Barbadians to vote in general elections on January 19, 2022
Barbadians to vote in general elections on January 19, 2022

BRIDGETOWN, December 28, 2021 -Weeks after becoming a Republic, Prime Minister Mottley has announced that Barbadians will go to the polls to elect a new government on January 19, 2022.

In an announcement to the nation last evening from llaro Court, Prime Minister Mia Amor Mottley said Nomination Day would be on January 3.

Ms. Mottley advised that she had met earlier in the day with the President of Barbados, The Most Honourable Dame Sandra Mason, and had advised that Parliament be dissolved with immediate effect.

The Prime Minister added that Dame Sandra had also been advised to issue writs for the “holding of new elections in Barbados”.

Mottley who led the Barbados Labour Party (BLP) to a historic 30-0 whitewash of the Democratic Labour Party (DLP) in the May 2018 general elections, said “On this the 27th day of December, 2021, I have decided that it would be in the interest of Barbados, our country, our home that we recalibrate as a people behind one Government and one leader.

"Let me say that whoever emerges as that leader I will support.  I will do my utmost to promote the interest of Barbados and Barbadians in all that I say and do, as I have done in all of my public career and would continue to do until the Lord takes my breath,” she emphasized.

Ms.

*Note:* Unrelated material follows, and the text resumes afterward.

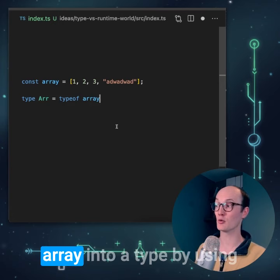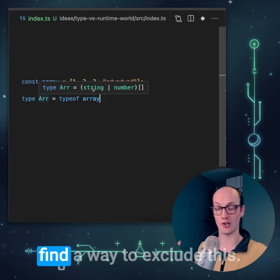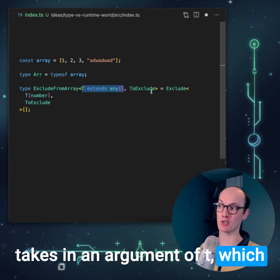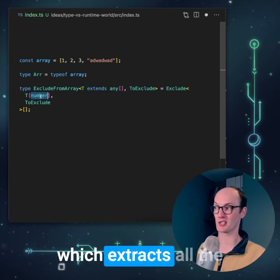Well, first of all, let's turn array into a type by using typeof. You can see here that we've got string or number in the array, so we need to find a way to exclude this. I'm going to add this helper here called ExcludeFromArray, which takes in an argument of T, which is the array, and ToExclude. It then uses the built-in helper Exclude on T and number, which extracts all the elements of the array, and then rewraps it in an array.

Mottley disclosed that she would be advising officials from the Electoral and Boundaries Commission and the COVID-19 Cabinet Sub-Committee to meet on the structure of the voting process in light of the ongoing pandemic.

“I will also ensure that the Leader of the Opposition and myself are fully briefed after these meetings, and that we can update you in a matter of days on any agreed upon changes with respect to simplifying the conduct of elections in this environment,” the Prime Minister stated.

The Prime Minister said she made the decision to call the elections because she was “worried” about the divisiveness in the country.

She called on Barbadians to “unite around a common cause, a single Government and a single leader.”

“My worry going into 2022 revolves around the impact of the silly season on our tone and our tenor as a nation. The impact of the silly season on our actions and our utterances. The impact of the silly season on our ability to think Barbados and what is best for this little paradise in the middle of the sea, what is best for our future as a nation.

“I believe that we thrived and succeeded in 2018 and 2019 because an election was behind us and we united as a force against first, the fiscal and economic threats, and then later the onslaught of COVID. I believe that as a united Barbados that we will and have always been unbeatable…” Mottley said.

“Were it not for the emergence of the silly season, persons in Barbados in my view would therefore be calling a spade a spade. They would be saying what is right and what is wrong. They would be supporting policies and programmes designed to protect and safeguard this country, its inhabitants and those who do us the honour of visiting as vacationers or on business. That is why I am concerned that we should not enter 2022 as a divided nation,” Mottley declared.

Mottley, the leader of the Barbados Labour Party and first female prime minister of her country, won election in May 2018 for a five-year term. She pointed to her party’s overwhelming majority in parliament and noted she still had much of her first term left to serve.

“Were I motivated solely by the need to survive,” she said, “we could bask, my friends, in the glory of a 29-1 parliament and ride COVID out for the next 18 months, ”  she pointed out.